And I came across the following lines talking about the effect of the gate inductance on the Eon Switching losses:

enter image description here

Here is the circuit (Figure 7)

enter image description here

Here are their measures:

enter image description here

If I correctly understand, it is said that the higher the inductance is, the lower the Eon would be, where Eon are the energy loss for turning on the IGBT.

Well, from my mind, a higher inductance will limit the rise of the gate to source voltage, and it will slow down the commutation of the IGBT and so the losses would be higher.

I am not sur to understand what SEMIKRON is saying: "The effect of this inductance can be compared with a current source, which supplies additional gate charge at the beginning of the "Vge-plateau" period."

I think that as at the beginning of the turn on process the current is maximal and limited by the driver, the inductor is magnetically charged and when the miller plateau arises, the inductance is still a bit charged and so the inductance tends to reduce in time the Miller plateau.
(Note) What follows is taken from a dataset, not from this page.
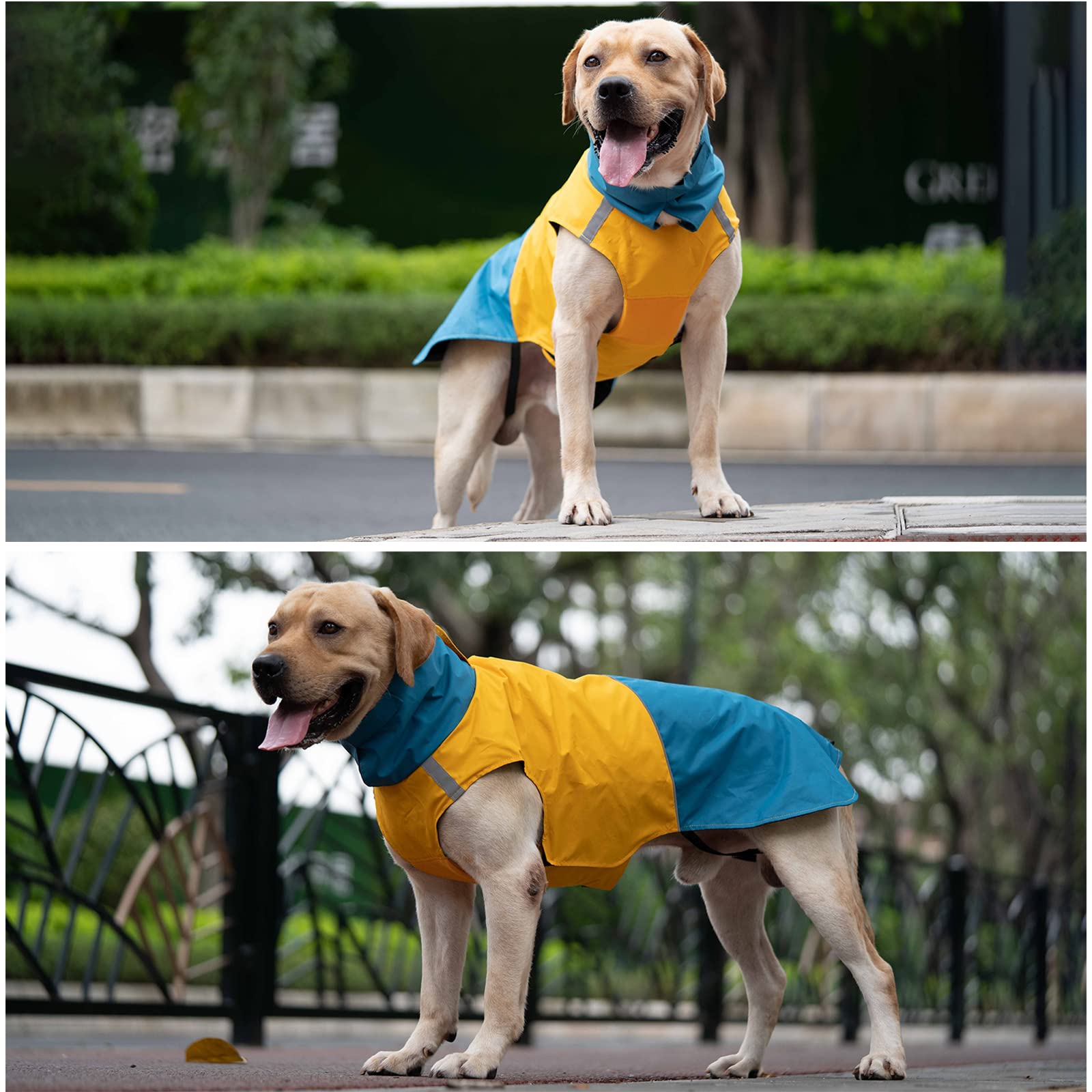 Cappotti caldi per cani, antivento per cani invernali e esterni, cappotti impermeabili per cani, con foro per guinzaglio per cani, di XXXL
But clearly, I do not think that it is as simple as it.

Do you understand why a higher inductance on the gate reduces the Eon?

Thank you for your help.

---------------------------------E D I T ----------------------------------- I have done a simulation for trying to understand what SEMIKRON is saying, and the result of the simulation is not showing the SEMIKRON's measures.

Here is the simulation circuit :

enter image description here

Then I added to the circuit different inductances :

enter image description here

And here are the results showing the gate voltage and the power losses :

enter image description here

And here are the power losses : enter image description here

I integrate it and the simulation with the higher inductance is the worse in term of Eon.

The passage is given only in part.